But there were always complications. We were convinced that our own friends who might be seen as hipsters by other people, did not really belong in that odious category. Your mate Ed, for example, who rides a fixed gear bike like a hipster – he’s a cool guy and he’s actually into bikes; he’s not just pretending like hipsters do. Or Ben, he’s one of those coffee dorks like those hipster baristas, but he’s a cool guy too; he’s actually interested in coffee and where it comes from and who grows it etc etc.

Not like those other dickheads with no life, who just follow cultural trends, moving from scene to scene just to be seen, right?

Of course, bemoaning hipsterism is not entirely new. In the 1940s the term was associated with young white guys who wanted to be part of the jazz scene. It seemed that these guys had to learn ‘cool’ as a set performance, whereas black musicians appeared to just do it. Hence the idea that the hipster is necessarily not the real thing, who, in order to offset this, is obliged to enter into a spiral of obscurer-than-thou one-upmanship. Pity the poor hipster, in other words, he’s only trying (desperately) to prove himself. Today’s hostility towards ‘Shoreditch wankers’ is a direct continuation of this.

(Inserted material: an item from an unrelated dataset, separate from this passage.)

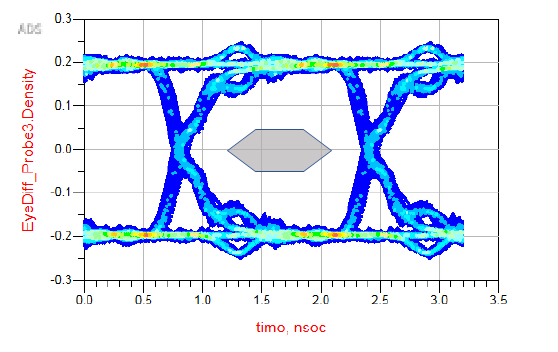  SGMII Example Simulation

While trends may come and styles may go, looking down on hipsters still passes for fashionable. But it turns out that hipster-bashing is misguided and self defeating. To begin with, the culprits concerned have been dispersed and moved along like a homeless person in Hoxton Square. Financial services-types and established media people, pushed out of their traditional stomping grounds in North and West London, have lit a fire under the East End housing market, with the result that entry-level hipsters have been all but burnt out. Young twenty somethings in Hackney are being replaced by middle-class thirty something mums and dads (and it’s not that the same group just got older). They’re the ones, i.e. too old to stand accused of hipsterism, now getting the blame for ruining neighbourhoods like Clapton and Hackney Wick; which, lest we forget, used to be the part of town that most people couldn’t wait to get out of.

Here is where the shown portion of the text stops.